Electrochemical corrosion - the most common type of destruction of metals. An example of electrochemical corrosion is the destruction of parts of machines, devices and various metal structures in soil, groundwater, river water and sea water, in the atmosphere under the film of moisture, in the technical solutions under the action of lubricant-coolant, etc. As already mentioned, electrochemical corrosion flows on the surface of metals under the action of electric currents, that is to happen a redox chemical reaction, characterized by the faile of electrons and transfer them as generate cathodic and anodic areas. The formation of cathodes and anodes contribute to the chemical heterogeneity of metals (impurities and inclusions), the presence of areas of residual deformation, the heterogeneity of the covering metal protective films, etc.

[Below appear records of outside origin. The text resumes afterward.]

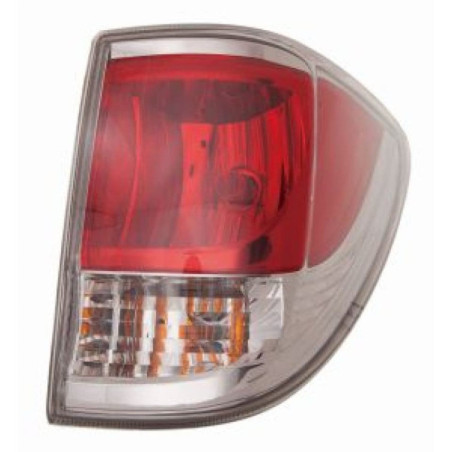 Rear Light Right for MAZDA - DEPO 216-1992R-AE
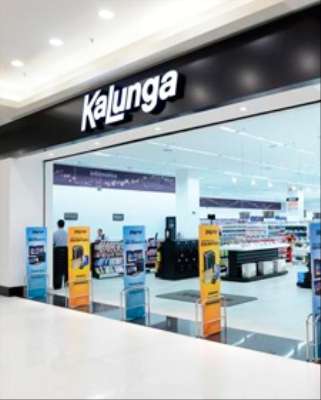 Imagem: Varejista Imprime Loja no Shopping Jardins Aracaju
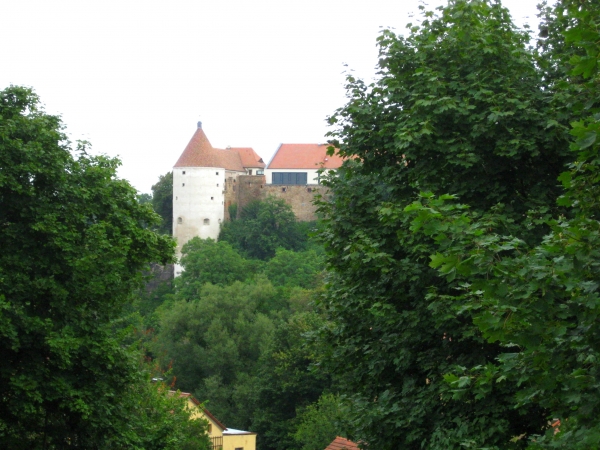 Zdjęcie z Niemiec - Budziszyn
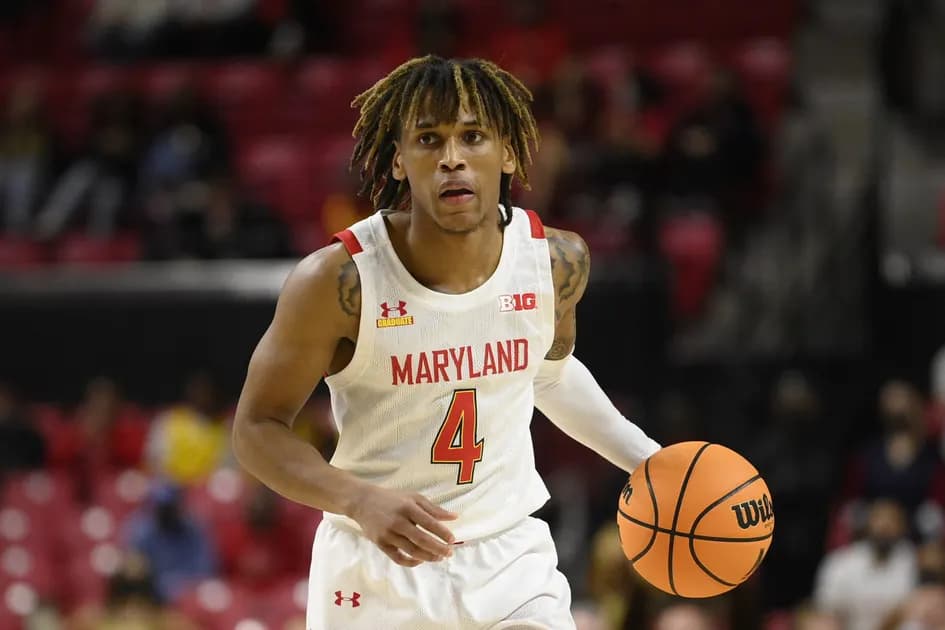 College basketball Thursday mega parlay (+1121 odds): Fear the Turtle
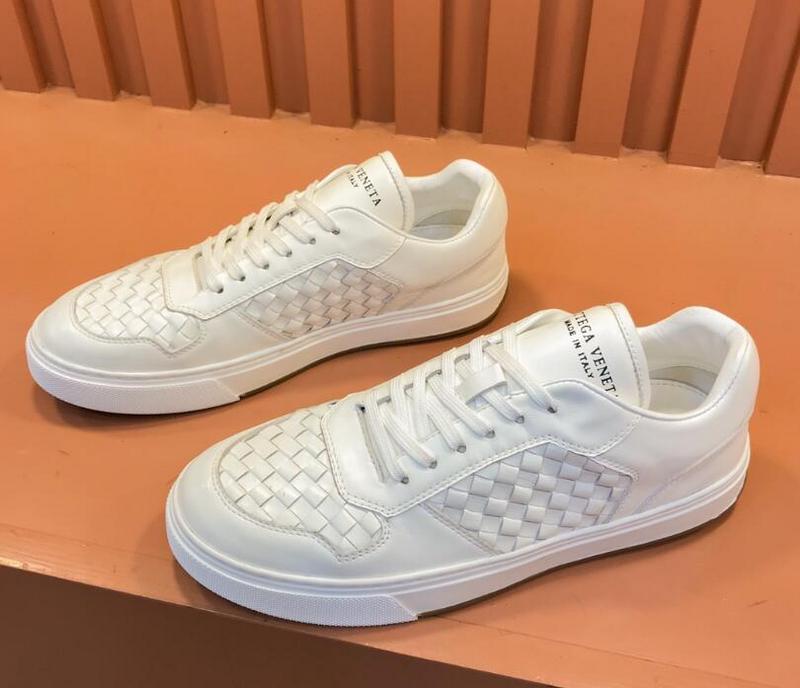 SAMC - BOV Men Shoes - 178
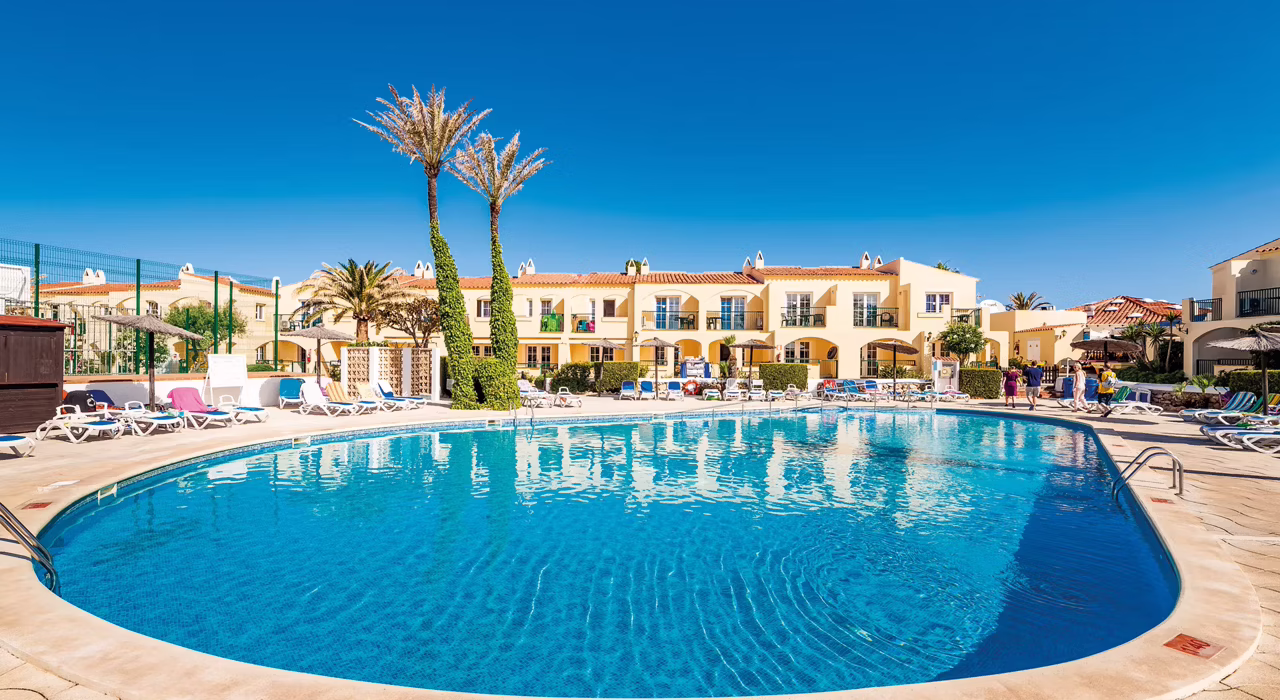 MENORCA FAMILY ALL-INCLUSIVE GETAWAY - Image 1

Most often in the formation of type of destruction of the metal involved is not one factor, but several. When the metal begins to destruct, it turns into a many-electron galvanic element.

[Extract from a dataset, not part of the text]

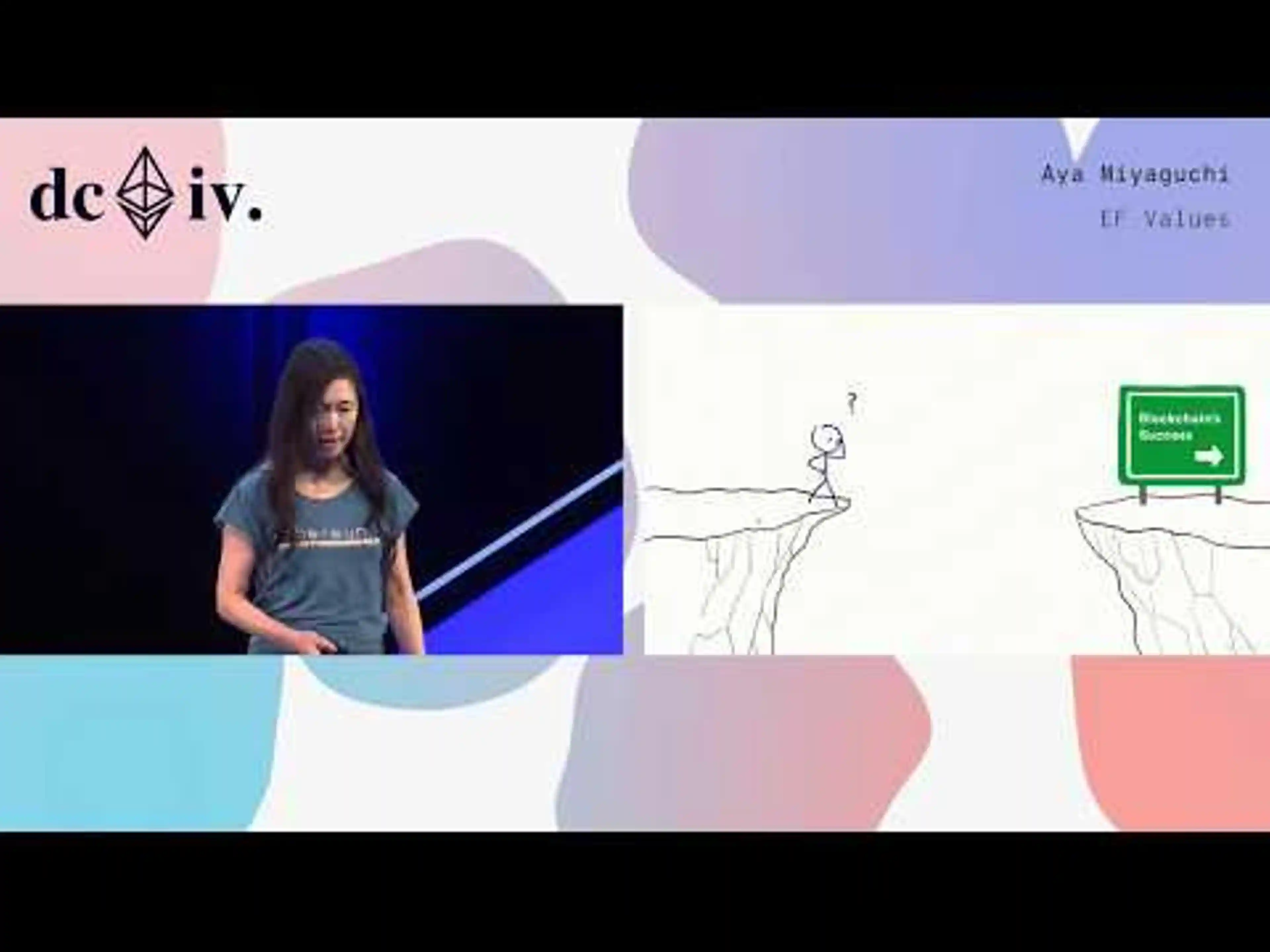 Ethereum Foundation Values preview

For example, consider what happens if copper (Cu) is in contact with iron (Fe) in the electrolyte. This system is a galvanic element, where iron is the anode ( " + " ) and copper - cathode. Iron gives electrons to copper and goes into solution as ions. Hydrogen ions move to copper, where discharged. The cathode is gradually becoming more negative, in the end, becomes equal to the potential of the anode and corrosion slows down.

Just on this topic you can spend the experience at home. We will need three cups with a solution of sodium chloride (table salt), 3 iron nail, a piece of zinc and copper wire (without insulation). So, let's start. The first nail drop into the glass with the salt solution. The second nail with screw copper wire drop into the next glass with the salt solution, and a piece of zinc drop into the last glass. Then dip each nail into your glass with salt solution (there were 3) and leave them for 2-3 days.

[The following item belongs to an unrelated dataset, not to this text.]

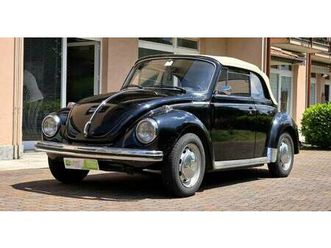 1973 | volkswagen coccinelle 1303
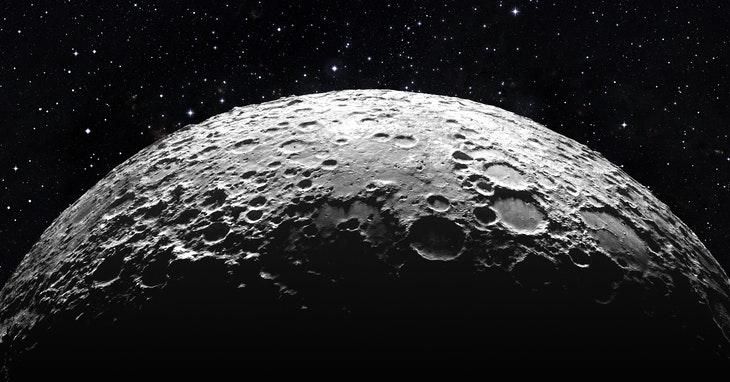 nasa考虑在月球设置核电厂 , 正在面向全球征集设计稿有点科幻也有点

What happens: all of our nails will have traces of rust (corrosion). In the worst condition will be the nail that was in the solution together with copper wire, and the least corroded one that is bound to the zinc! Explanation: all metals have different ability to give up electrons. To compare them in this property by reading number of stresses metals:

Li← K← Rb← Cs← Ba← Ca← Na← Mg← Al← Mn← Cr← Zn← Fe← Cd← Co← Ni← Sn← Pb← H2← Cu← Ag← Hg← Pt← Au

Those metals that are in the row voltages are to the left (e.g. Zn - zinc is to the left of the Fe - iron), it is easier to give their electrons than the metal to the right (for example Cu - copper to the right of the Fe - iron). So, as soon as both of the metal into the electrolyte (conductive path - salt solution), then immediately form a galvanic couple. The more active metal (standing left) is charged positively, while the less active - negative.

Back to our experience: the same thing happened in our glasses with solutions. Iron (Fe) is to the left than copper (Cu), so it is charged positively, rapidly oxidized. In a glass with zinc - zinc (Zn) is more active than iron. Therefore, until all the zinc will not rust, the iron will not be destroyed (which is often used for technical purposes).